### TASK:
From the data below, set down exactly the lines between the one holding "Ein Mann reinigt" and the one holding "Sundays Jacquard Short", inclusive, and no others.

### MATERIAL PROVIDED:
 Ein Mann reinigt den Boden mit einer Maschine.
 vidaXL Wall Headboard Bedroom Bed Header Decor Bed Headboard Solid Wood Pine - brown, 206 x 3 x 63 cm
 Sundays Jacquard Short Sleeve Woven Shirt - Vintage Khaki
* * *
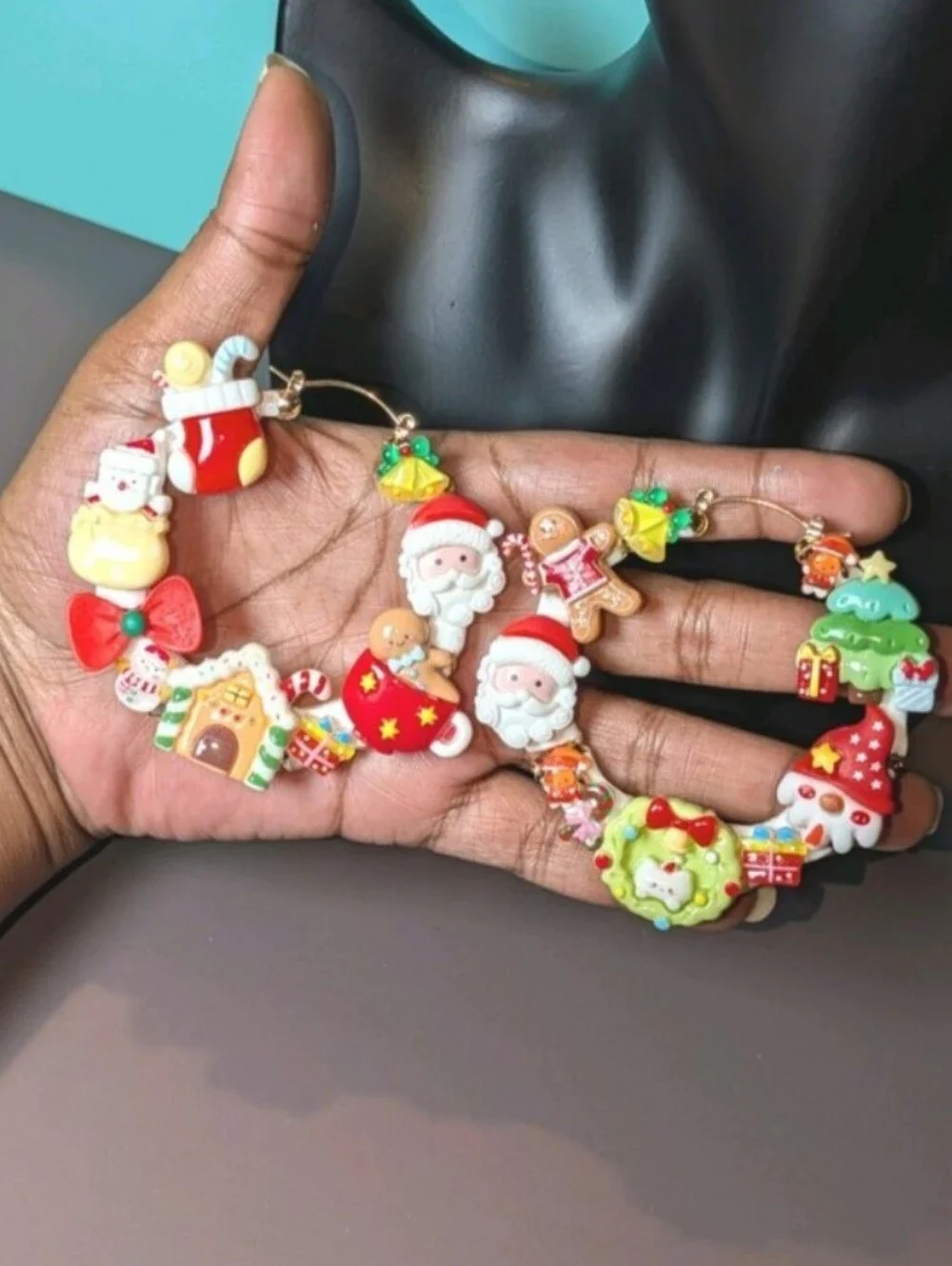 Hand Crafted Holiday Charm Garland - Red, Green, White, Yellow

### RESULT OF THE EXERCISE:
 Ein Mann reinigt den Boden mit einer Maschine.
 vidaXL Wall Headboard Bedroom Bed Header Decor Bed Headboard Solid Wood Pine - brown, 206 x 3 x 63 cm
 Sundays Jacquard Short Sleeve Woven Shirt - Vintage Khaki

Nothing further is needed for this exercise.